[Brief]: Every line below from the one with "ArmyROTC's tweet photo." through the one with "2125 14th St NW #702" should be retyped exactly, both ends included; no other lines and no pictures.

[Excerpted records]:
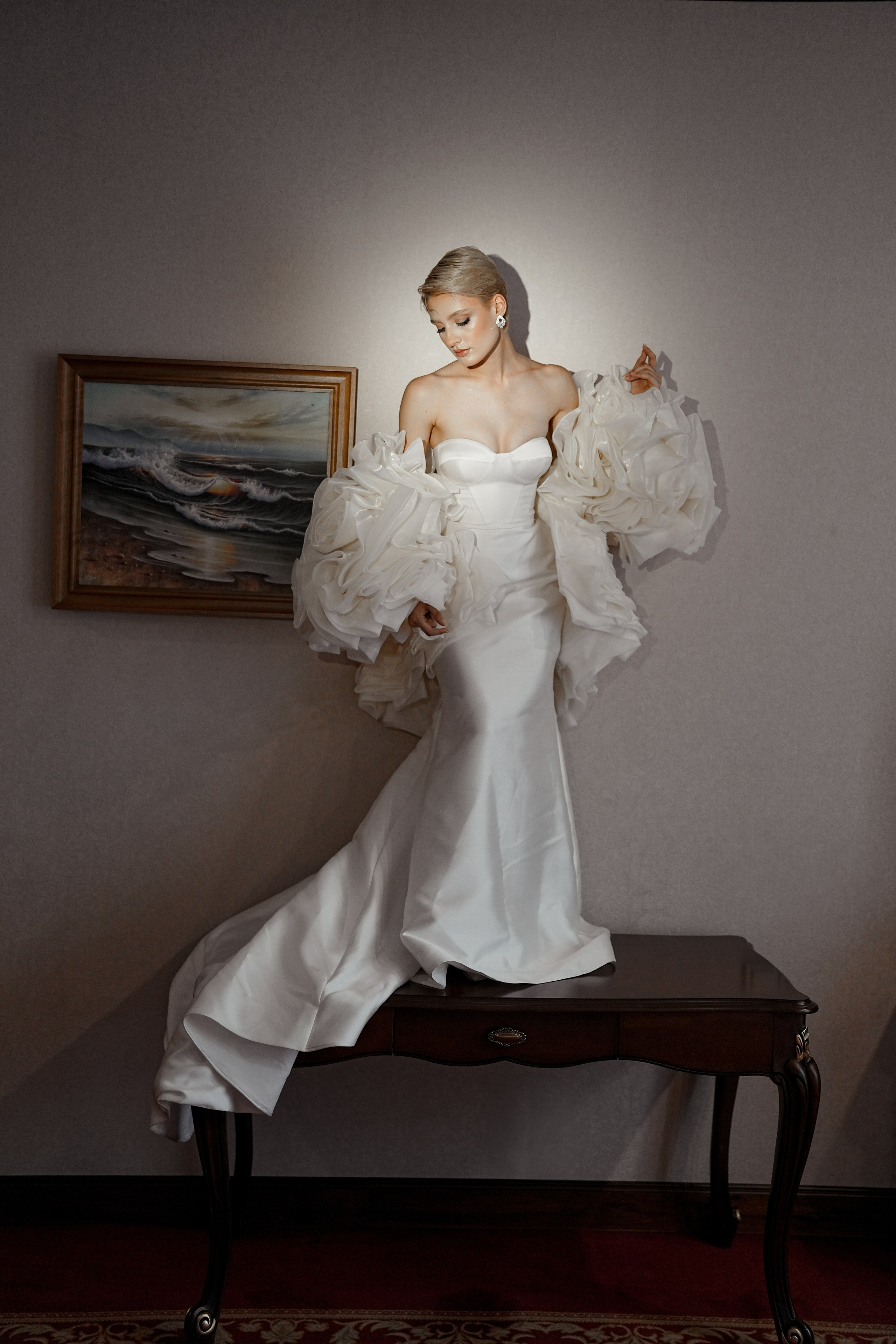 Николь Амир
--
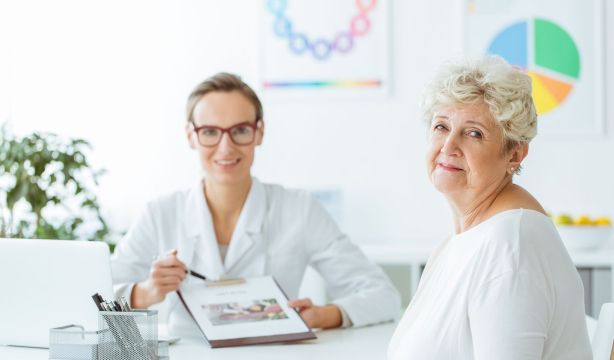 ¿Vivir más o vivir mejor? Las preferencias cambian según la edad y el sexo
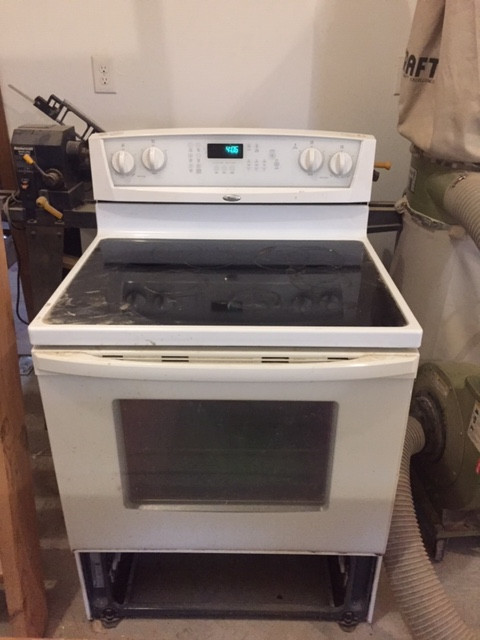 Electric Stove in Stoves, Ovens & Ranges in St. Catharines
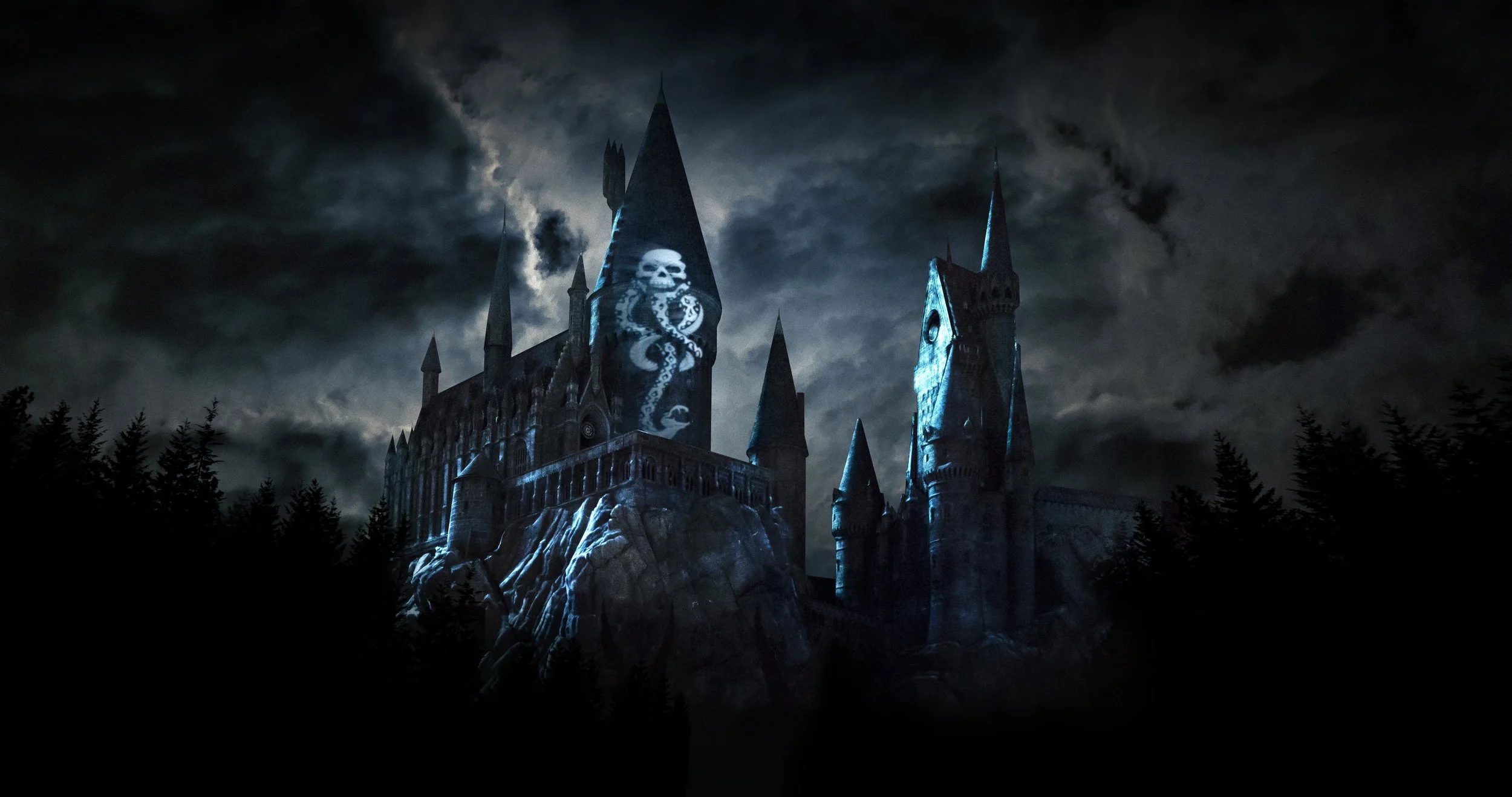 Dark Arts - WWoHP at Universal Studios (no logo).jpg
--
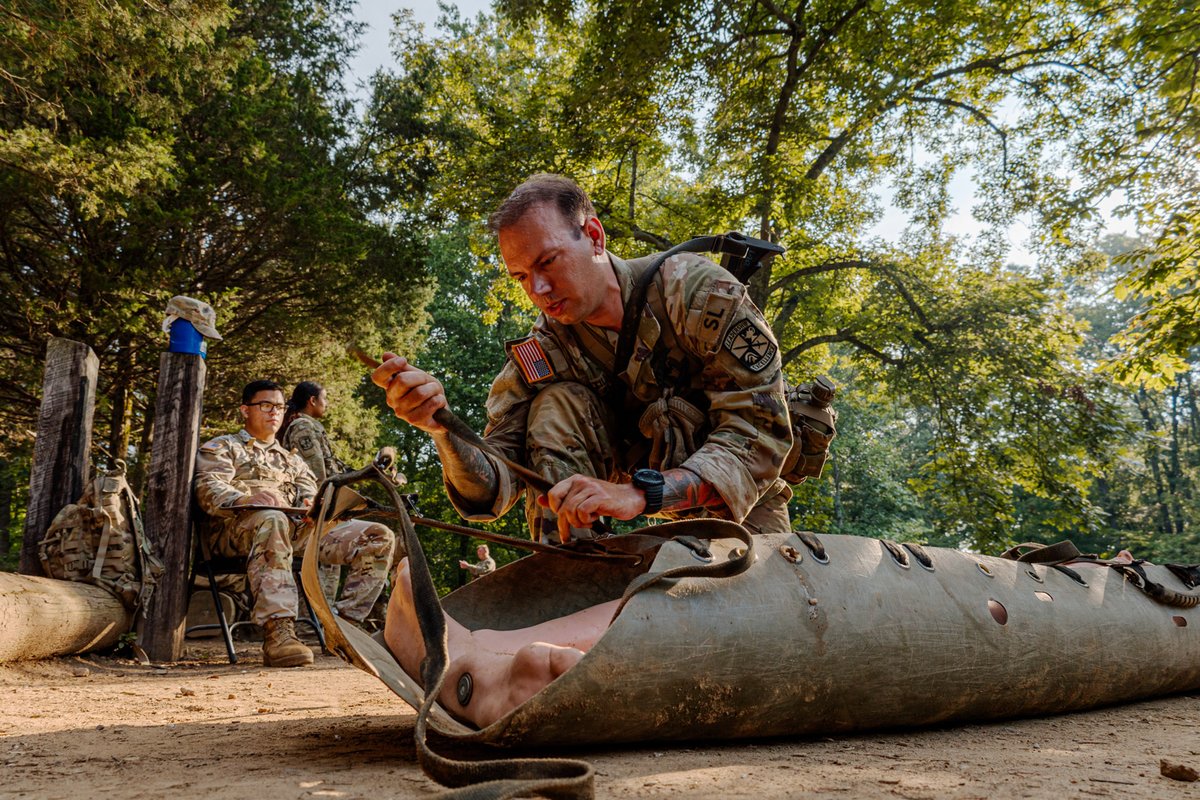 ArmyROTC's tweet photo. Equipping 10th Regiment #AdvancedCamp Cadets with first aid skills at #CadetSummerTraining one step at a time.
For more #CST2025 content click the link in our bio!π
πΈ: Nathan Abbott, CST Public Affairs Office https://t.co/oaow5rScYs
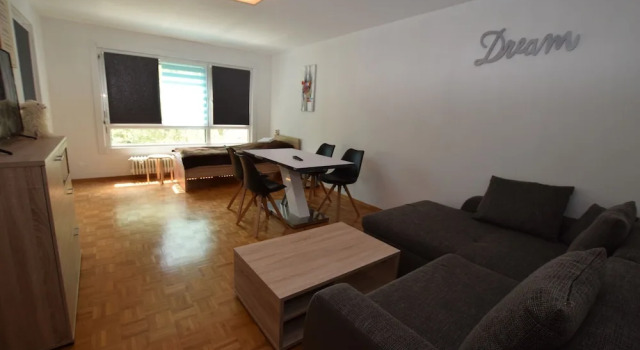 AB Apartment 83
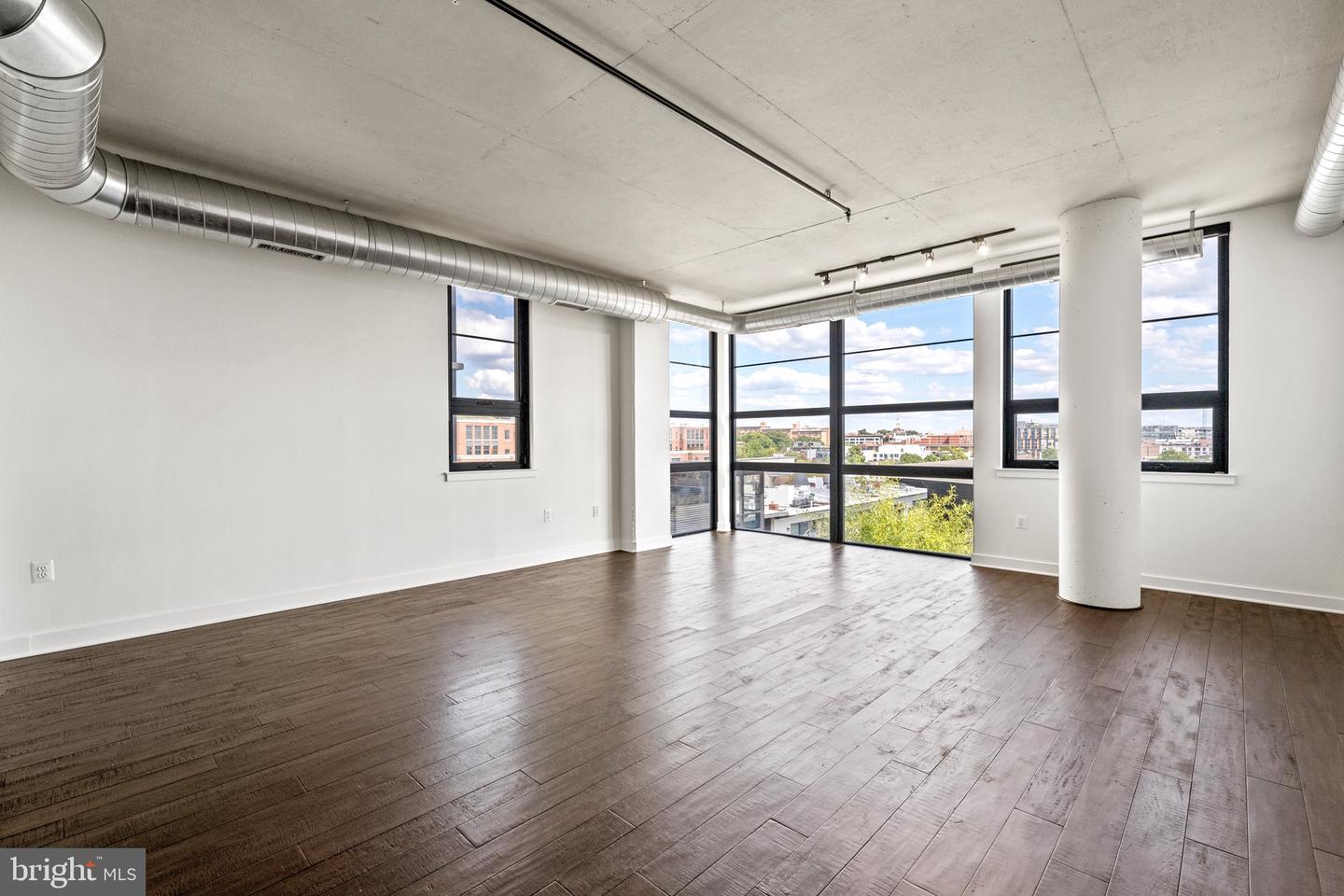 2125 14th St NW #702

[Answer area]:
 ArmyROTC's tweet photo. Equipping 10th Regiment #AdvancedCamp Cadets with first aid skills at #CadetSummerTraining one step at a time.
For more #CST2025 content click the link in our bio!π
πΈ: Nathan Abbott, CST Public Affairs Office https://t.co/oaow5rScYs
 AB Apartment 83
 2125 14th St NW #702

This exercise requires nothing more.